Figure EV4. Rab21 is required for the uptake of LacCer, but not CD44 internalization.

Figure EV4

  • A, B
    NIH3T3 fibroblasts were transfected with the indicated plasmids and treated with BODIPY‐LacCer (LacCer) for 30 min before fixation. The images are obtained with high‐resolution microscopy (Nikon). The graph in (B) shows the ratio of cells with perinuclear accumulation of LacCer. Each score represents the mean with the individual points. Control: n = 4 biological replicates, Rab21‐sh115: n = 4 biological replicates, Rab5‐sh232: n = 4 biological replicates.
  • C–E
    Primary cortical neurons from E15 cerebral cortices were incubated for 2 days in vitro and immunostained with the indicated antibodies. The images are obtained with high‐resolution microscopy (Nikon). The graph in (E) shows the Pearson's correlation coefficient between Endophilin and Rab21 or caveolin‐1 or between Rab21 and CD44. Each score represents the mean with the individual points. Caveolin‐1—Endophilin: n = 43 cells, Rab21—Endophilin: n = 53 cells, Rab21—CD44: n = 45 cells.
  • F–H
    Primary cortical neurons from E15 cerebral cortices were transfected with the indicated plasmids plus pCAG‐PM‐mAG1, incubated for 2 days in vitro and subjected to CD44 antibody feeding assay. The graphs in (G) and (H) show the number of the internalized CD44‐positive dots and its total fluorescence intensity per cell. Each score represents the mean with the individual points. Control: n = 15 cells (G and H), Rab21‐sh115: n = 12 cells (G and H).
  • I, J
    Primary cortical neurons from E15 cerebral cortices were transfected with the indicated plasmids plus pCAG‐EGFP, incubated for 8 days in vitro and stained with MAP2ab, a marker for dendrites. The graphs in (J) show the dendrite length, dendrite branch number and the number of primary dendrites. Each score represents the mean with the individual points. Control: n = 31 cells, Rab21‐sh115: n = 38 cells, Rab5‐sh232: n = 31 cells, Cav1‐sh490: n = 31 cells.
  • K
    Cerebral cortex at P0, electroporated with the indicated plasmids plus pCAG‐EGFP at E14.
  • L
    Frozen sections of E17 cerebral cortex immunostained with anti‐Rab21 antibody and DAPI.

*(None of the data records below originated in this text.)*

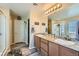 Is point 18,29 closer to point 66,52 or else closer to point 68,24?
point 68,24

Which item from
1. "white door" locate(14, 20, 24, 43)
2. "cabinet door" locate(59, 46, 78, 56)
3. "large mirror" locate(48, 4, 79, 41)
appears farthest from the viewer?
"white door" locate(14, 20, 24, 43)

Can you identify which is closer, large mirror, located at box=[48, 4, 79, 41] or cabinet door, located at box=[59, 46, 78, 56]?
cabinet door, located at box=[59, 46, 78, 56]

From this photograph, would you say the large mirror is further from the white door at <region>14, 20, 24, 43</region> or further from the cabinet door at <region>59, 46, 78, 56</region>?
the white door at <region>14, 20, 24, 43</region>

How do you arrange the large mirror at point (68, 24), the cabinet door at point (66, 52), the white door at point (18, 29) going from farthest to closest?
the white door at point (18, 29), the large mirror at point (68, 24), the cabinet door at point (66, 52)

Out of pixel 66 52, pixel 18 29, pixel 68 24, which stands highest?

Data information: (B) Significance was determined by one‐way ANOVA with post hoc Dunnett and Tukey–Kramer. **Less than the critical value at 1%, *less than the critical value at 5%, n.s.: no significant differences. (E) Significance was determined by one‐way ANOVA with post hoc Tukey–Kramer. **Less than the critical value at 1%. (G, H) Significance was determined by Welch's t‐test (G: P = 0.1942) or Mann–Whitney's U test (H: P = 0.2225). n.s.: no significant differences. (J) Significance compared to control was determined by one‐way ANOVA with post hoc Dunnett. Significant difference was observed between control and Rab21‐sh115 in the number of primary dendrites. *Less than the critical value at 5%, n.s.: no significant differences. Scale bars: 5 μm in (A, C, D, F), 10 μm in (I), 150 μm in (K), 100 μm in (L).